[Task directions] Pictures stay out of the copy. Retype exactly the lines below from the one with "1069 North Poinciana" through the one with "5400 Keats Drive Property Photo 12".

[Entries provided]
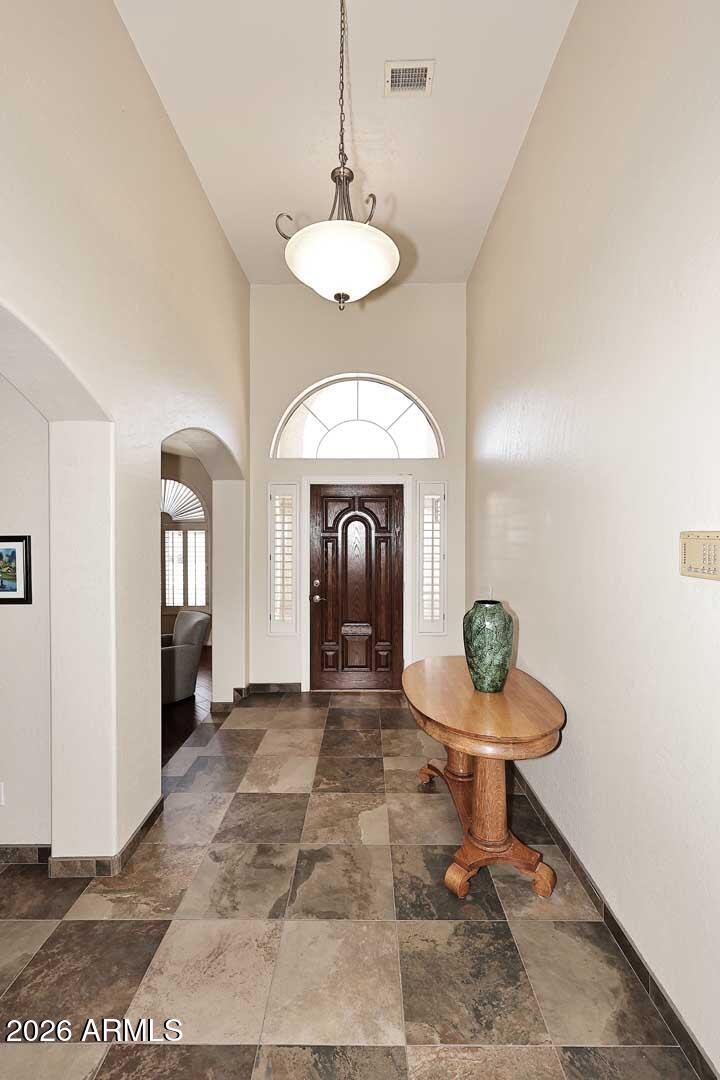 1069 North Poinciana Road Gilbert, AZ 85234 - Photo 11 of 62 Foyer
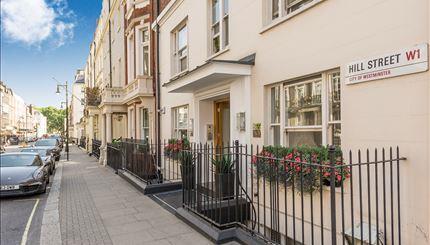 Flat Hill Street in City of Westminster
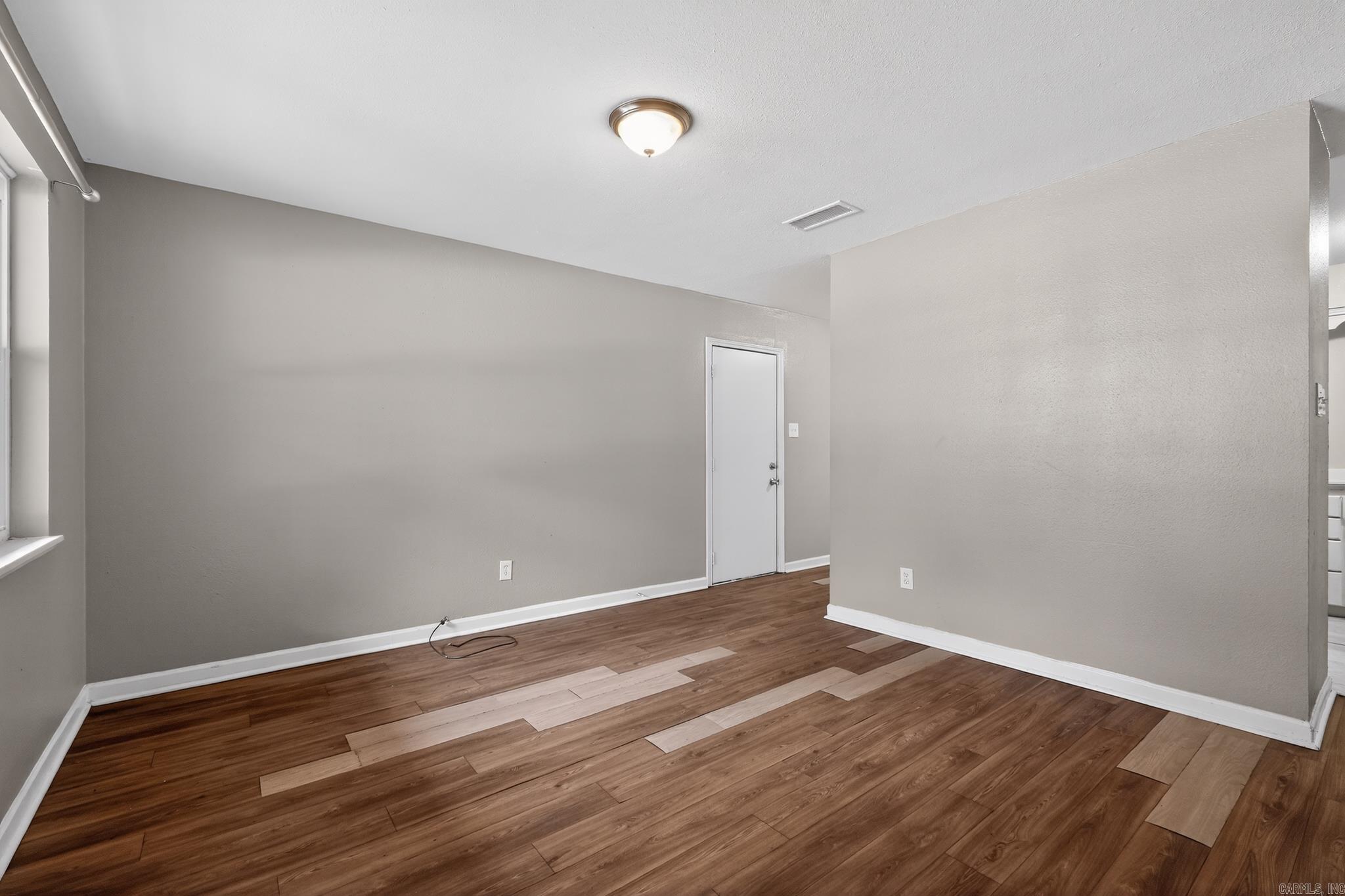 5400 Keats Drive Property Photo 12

...

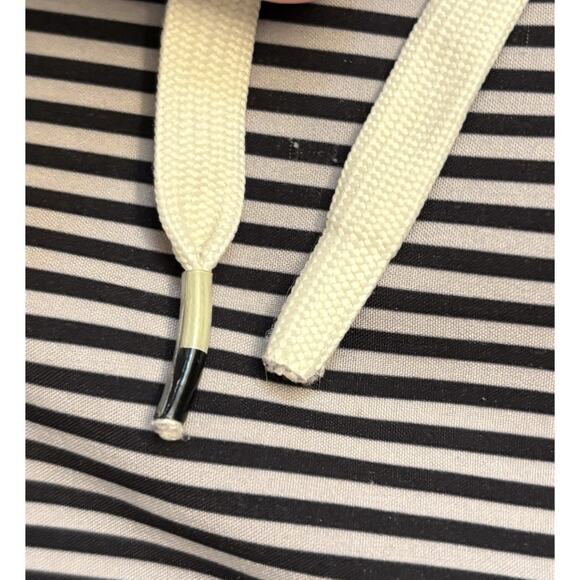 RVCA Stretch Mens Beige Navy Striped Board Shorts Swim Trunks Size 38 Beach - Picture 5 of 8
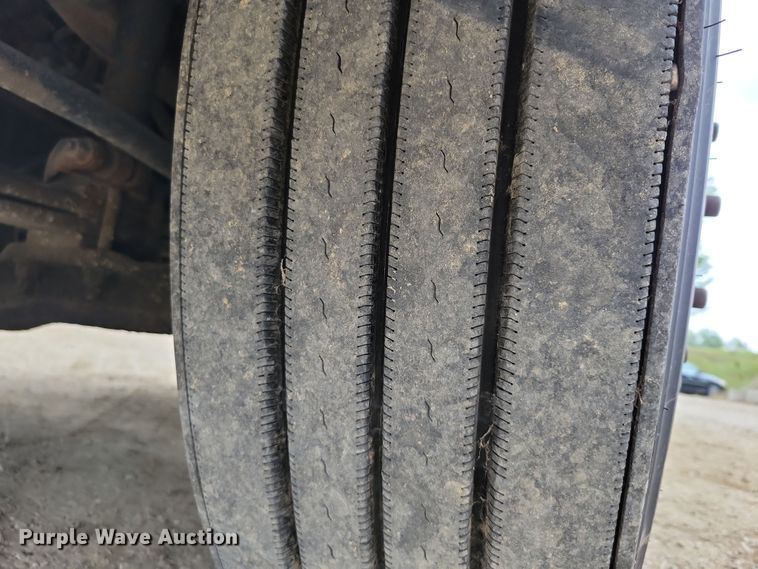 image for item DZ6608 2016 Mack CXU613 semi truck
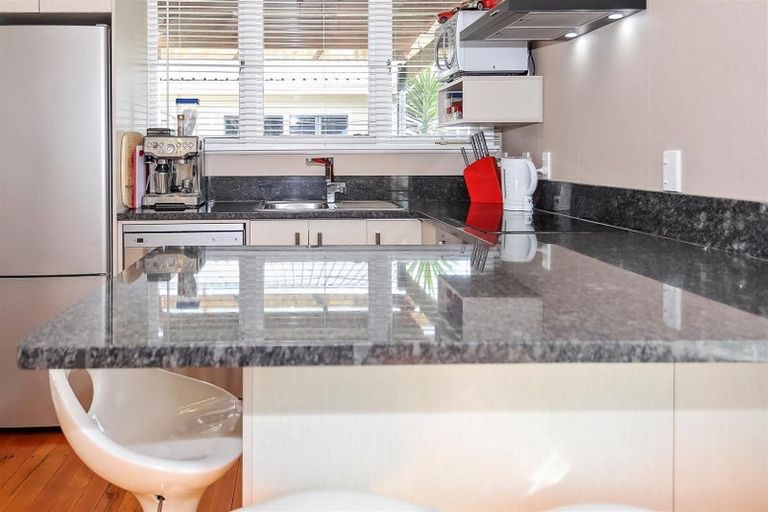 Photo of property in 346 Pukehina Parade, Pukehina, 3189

--

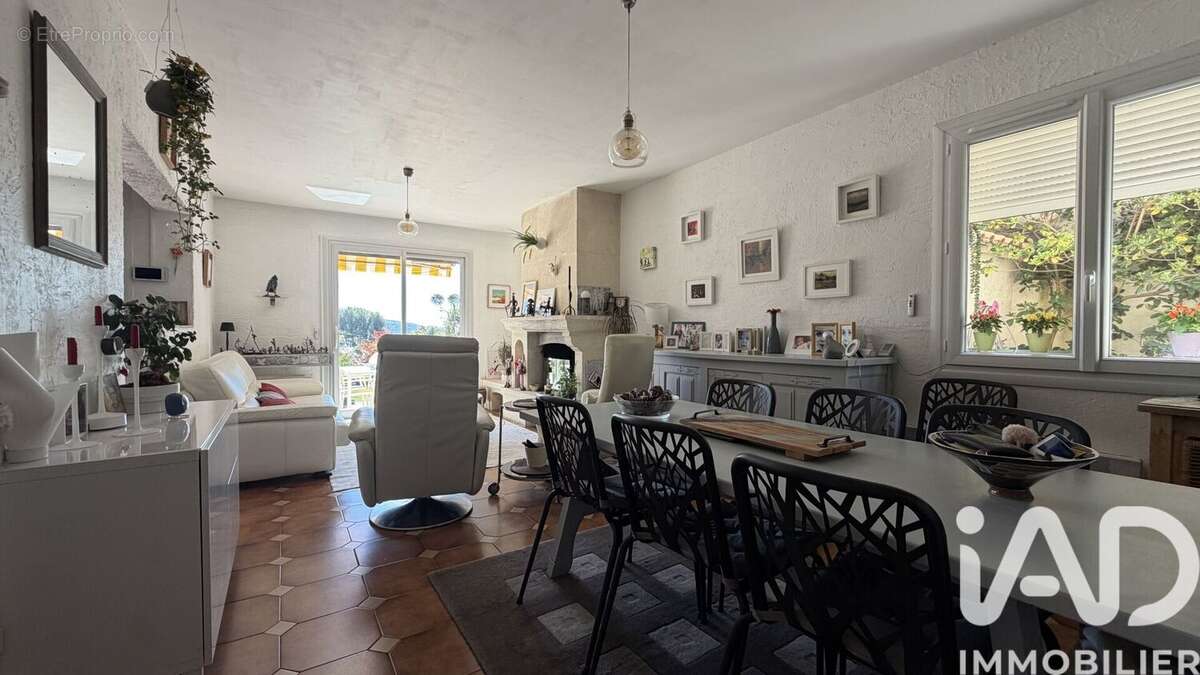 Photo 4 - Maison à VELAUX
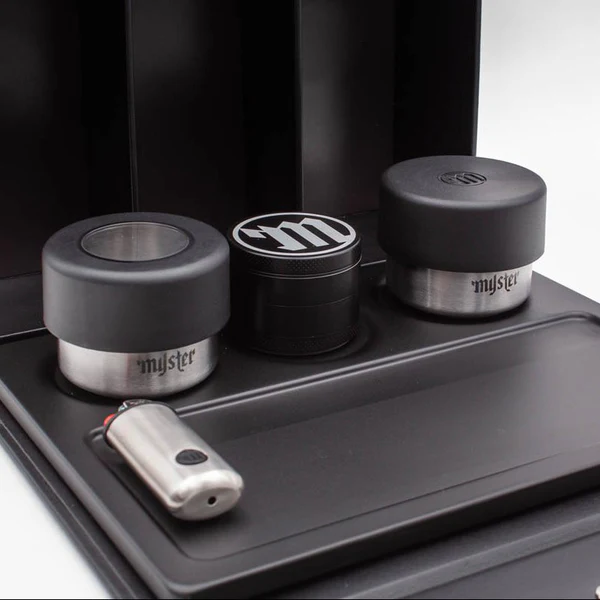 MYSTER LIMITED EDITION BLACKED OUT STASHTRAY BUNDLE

[Exercise output]
 1069 North Poinciana Road Gilbert, AZ 85234 - Photo 11 of 62 Foyer
 Flat Hill Street in City of Westminster
 5400 Keats Drive Property Photo 12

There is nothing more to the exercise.